Tobi’s work a cut above the rest

February 4, 2021 BY

Tobi Bockholt makes custom knives for home cooks and professional chefs, as well as teaching workshops at his Torquay workshop. PHOTOS: Marisa Schlichthorst

“Welcome to my humble beginnings,” Tobi Bockholt says, motioning toward his modest workspace at Ashmore Arts in Torquay.

The German-born craftsman smiles warmly as he steps into a shipping container brimming with the tools of his trade as a knifemaker.

His workspace measures six metres by two-and-a-half metres and is dwarfed by the much larger blacksmith workshop next door.

It might be compact but the container has proven an ideal fit as a place to hone his skills and create custom kitchen knives which are now in demand around Australia and the world.

Tobi found his passion for knives through a growing interest in cooking, preserving and baking.

“I really got into cooking over the last 10 years and the knives I had at home just didn’t cut it,” he explains.

“I was looking for knives that would do what I wanted them to do but I couldn’t find them.

“I started restoring old vintage knives I found on eBay and elsewhere – knives that were 80 years old and needed a new handle and a regrind.

“Then I had friends who would say ‘that is interesting, could you make me one?’ and I would restore one for them.”

He was hooked and, after learning the art of bladesmithing from Ballarat-based knife maker Adam Parker, Tobi began making his own bespoke knives.

Fast forward to today and he sells his hand-crafted wares to both home cooks and professional chefs, with about 30 per cent of sales coming from the US and Europe.
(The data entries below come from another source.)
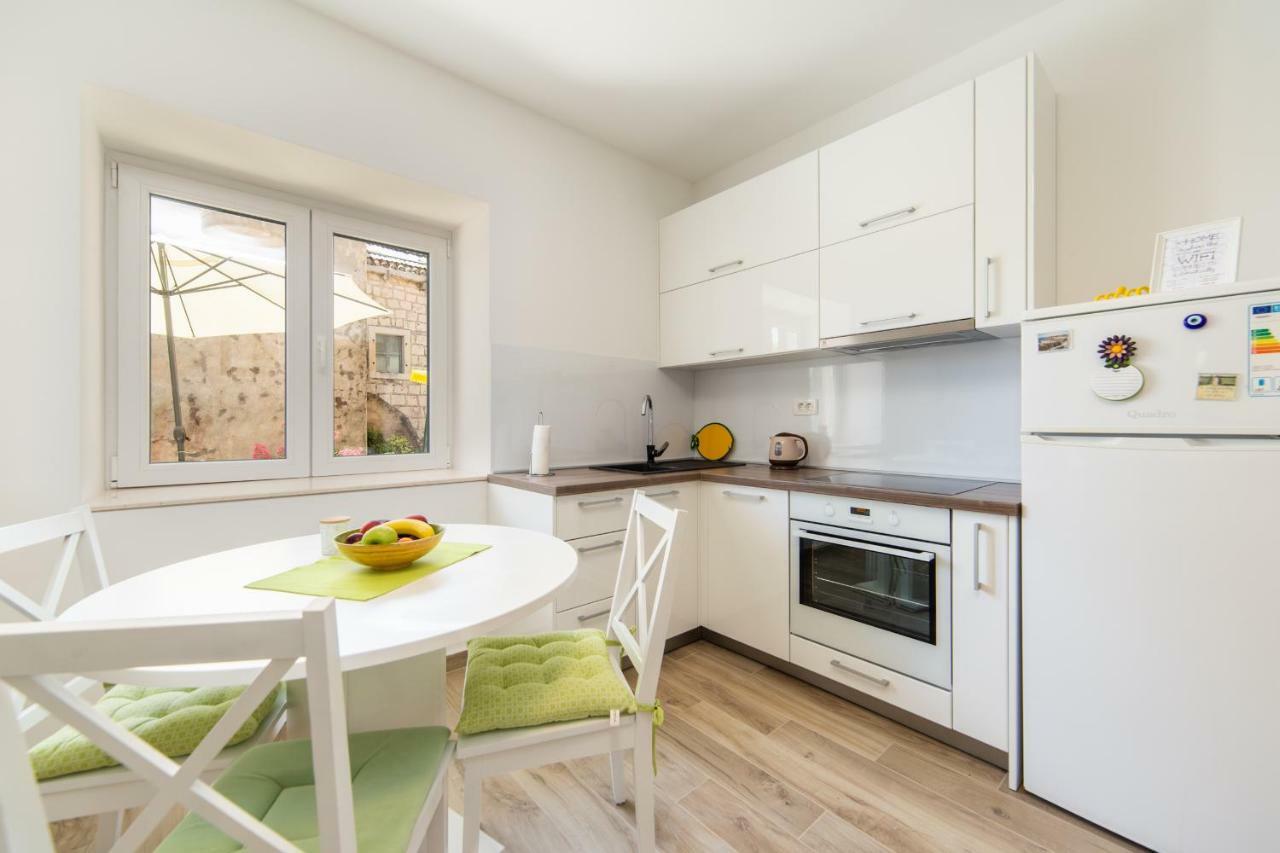 Apartmani Ujdur Gradac  Exteriör bild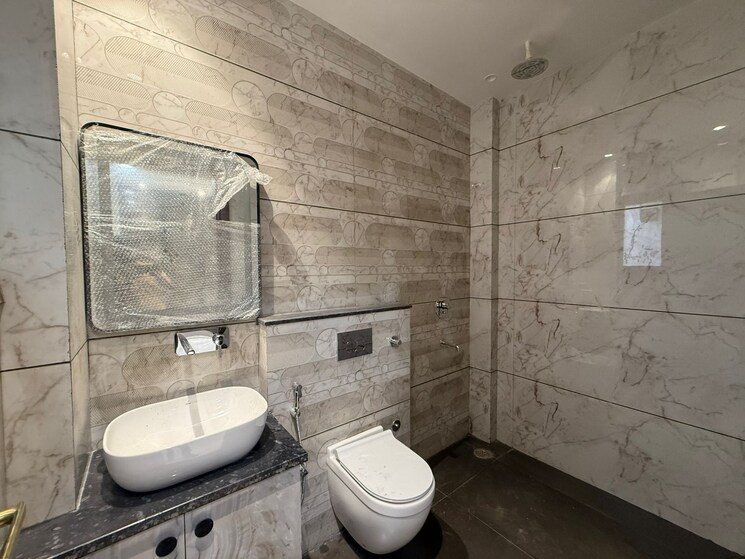Bathroom, paschim vihar 3 Bedroom 1750 Sq.Ft. Builder Floor In Paschim Vihar Delhi 8993326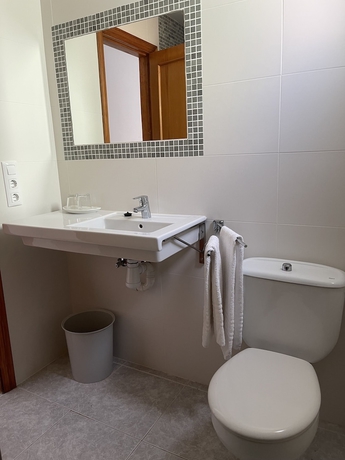 Imagen de la habitación del Hostal Can Gallu. Foto 18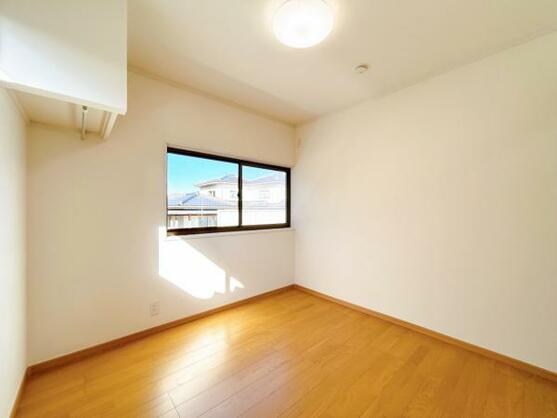 CREATOR: gd-jpeg v1.0 (using IJG JPEG v62), default quality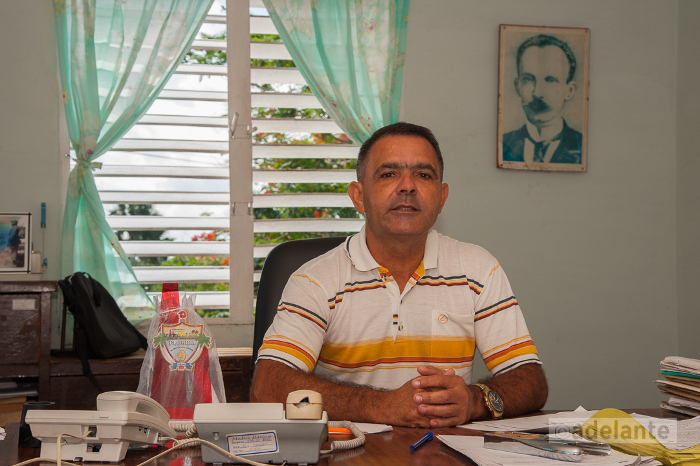Edel es un director orgulloso del colectivo que dirige, en el cual la eficiencia no admite la justificación de la escasez de recursos importados.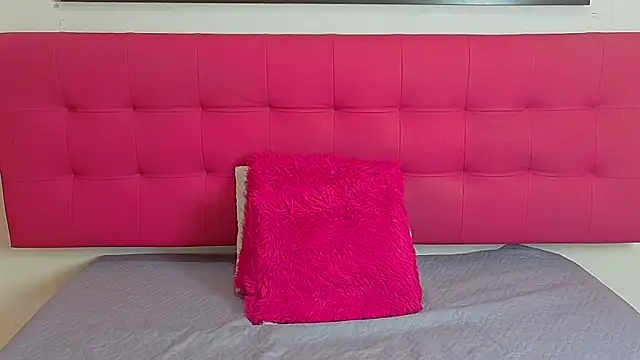 XXX chat uživo modela _Benjamin11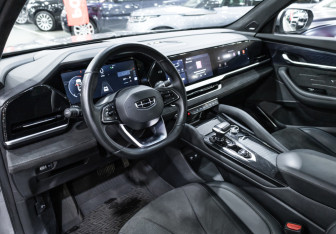 Подержанный автомобиль Geely Monjaro 2024 года (11 фото)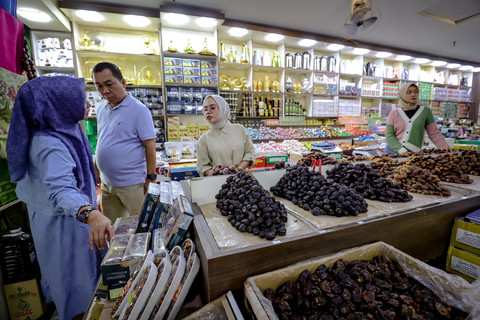 Pedagang melayani calon pembeli kurma di Pasar Tanah Abang, Jakarta, Minggu (2/3/2025). Foto: Jamal Ramadhan/kumparan
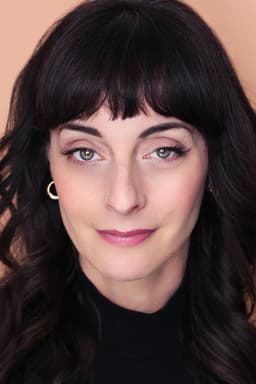 Photo of Lindsay Ames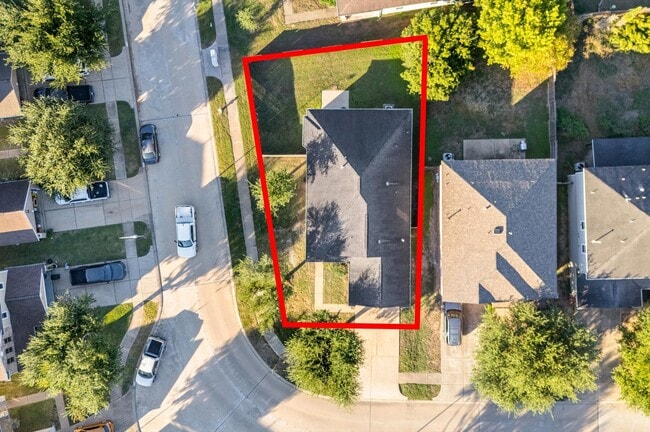 Building Photo - 18310 Walden Gate Ln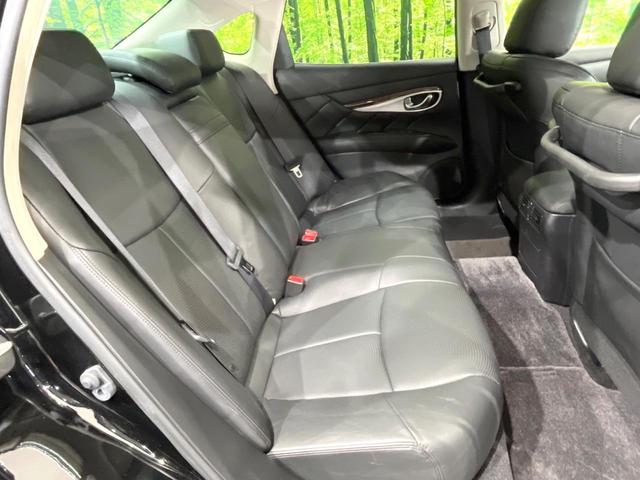 フーガ 370GT FOUR 4WD サンルーフ 純正HDDナビ 全周囲カメラ エマージェンシーブレーキ レーダークルーズ 禁煙車 レザーシート 前席シートエアコン コーナーセンサー スマートキー LEDヘッド ビルトインETC(9枚目)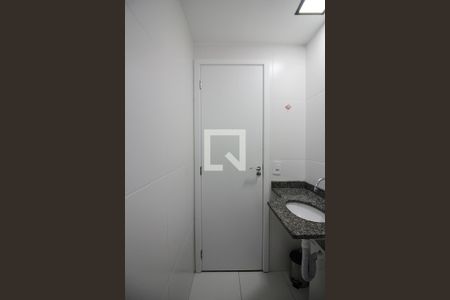 Banheiro Social de apartamento à venda com 2 quartos, 48m² em Vila Joao Basso, São Bernardo do Campo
He has also attracted an Instagram following of almost 10,000.

Tobi was a language teacher but spent last year working as a maker and officially resigned from his teaching job this month to focus on his business, Metal Monkey Knives.

“I started making knives as a sideline and it developed into something that had its own dynamic which is great,” he says.

“I think many other makers would agree that 2020 was a pretty good year for us because all of a sudden people who would spend a lot of
money on travel got more into gardening, renovating and cooking.”

Tobi says television shows such as MasterChef have also changed the way people go about equipping their kitchen.

“It has got people cooking and with that comes a demand for better tools.”

Tobi insists using a tailor-made knife is a much different experience to using a mass-produced knife which often comes in a large set where only a couple are regularly used.

A custom knife is made to last and considers the customer’s height, length of handspan and preference for the size and weight of a knife.

“They take the knife in their hand and it comes alive because it fits and, all of a sudden, they wonder ‘what have I been using all this time?’,” he says.

“It’s incredible the difference it makes, not just to the enjoyment of the process, but even the taste of the food is different because the texture is different.

“If you are cutting through a carrot and the surface is polished because the blade was so sharp, rather than torn, it seals in more flavour.”

Tobi says a standard knife takes between 15 to 25 hours to make, with a further day added when creating a pattern-welded blade where layers of steel are forged-welded and manipulated to create a decorative effect.

“It is like art – they have a very organic flow to them – almost like growth rings in a tree or the oil film on water,” he says of the technique.

Tobi uses carbon steel for his blades and Australian timbers for his hand-crafted handles.

“I like to work with timber because they are light and you are playing with grains and colours,” he says.

“My favourite is ancient redgum which is about 5000 years old … it is really beautiful because it is predominantly black but you still see the grain structure of the redgum in it.

“It’s just very, very old and has a story to tell.”

Tobi happily shares his knowledge via two-day weekend workshops where anyone aged over 16 can learn to forge, grind, treat and finish their own knife.

The workshops (for a maximum of two people) cost $800 and tend to book out quickly, with eager students flying from as far afield as Western Australia to learn the art of knifemaking.

Tobi’s own love of working with his hands stems back to his childhood in Europe where he vividly remembers pressing his face against the window of the gun shop to peer in at all the knives.

“My family lives in a house that my grandfather built so there was always something that needed extending, repairing and so on,” he recalls.

“I’ve always made stuff and I really enjoy getting out of my head and just getting lost in the manual task – it’s a great way to clear your head.

“It also feels great knowing that my knives will stay with customers and their families for generations to come.”